→ Task prompt
From the listing below, output only the lines starting at the line that has "CA SpyRoyal預覽圖" and ending at the line that has "small greenhouse garden made in China", exactly as they appear, ends included.

→ Source data
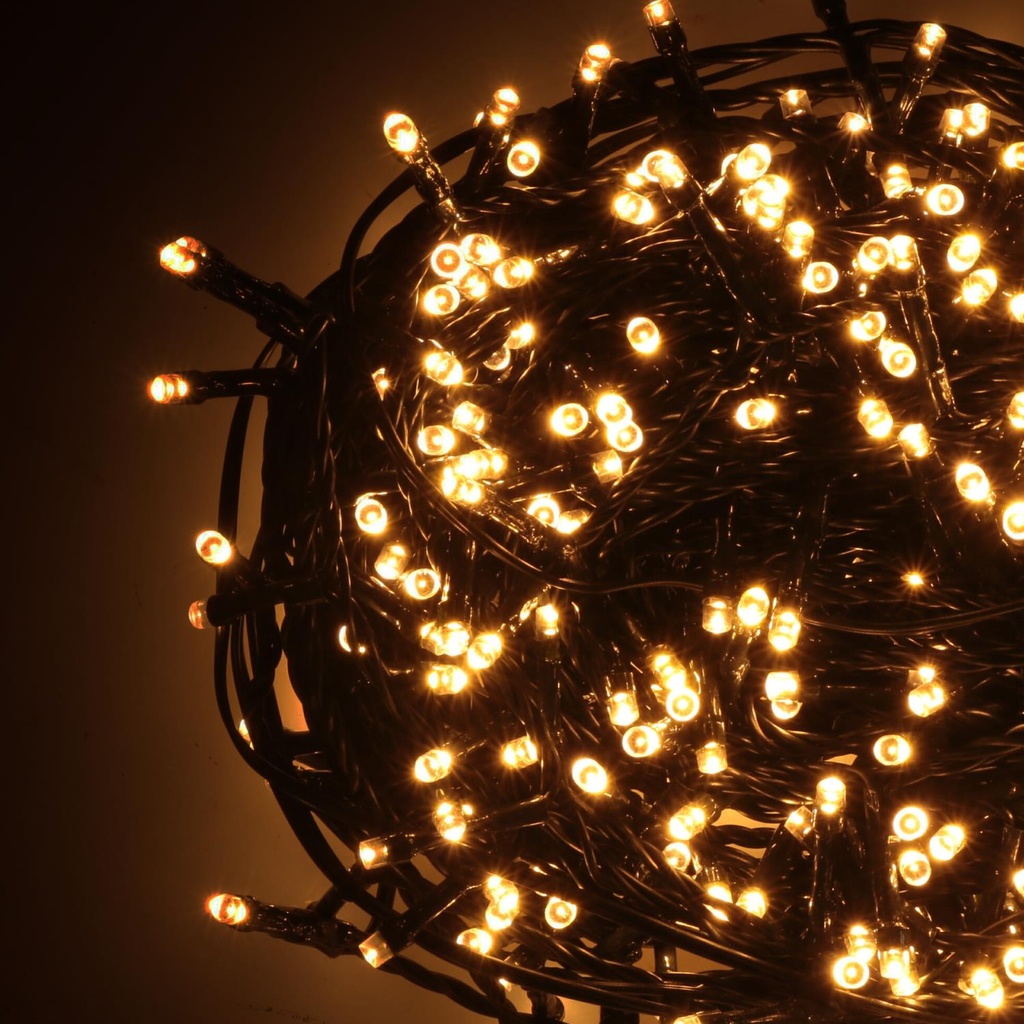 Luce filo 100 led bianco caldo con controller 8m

--

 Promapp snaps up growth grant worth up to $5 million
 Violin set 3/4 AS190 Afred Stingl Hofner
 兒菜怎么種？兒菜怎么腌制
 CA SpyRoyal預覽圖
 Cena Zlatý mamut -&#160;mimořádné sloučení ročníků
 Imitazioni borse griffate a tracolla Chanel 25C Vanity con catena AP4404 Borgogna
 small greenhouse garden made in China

→ Solution to this problem
 CA SpyRoyal預覽圖
 Cena Zlatý mamut -&#160;mimořádné sloučení ročníků
 Imitazioni borse griffate a tracolla Chanel 25C Vanity con catena AP4404 Borgogna
 small greenhouse garden made in China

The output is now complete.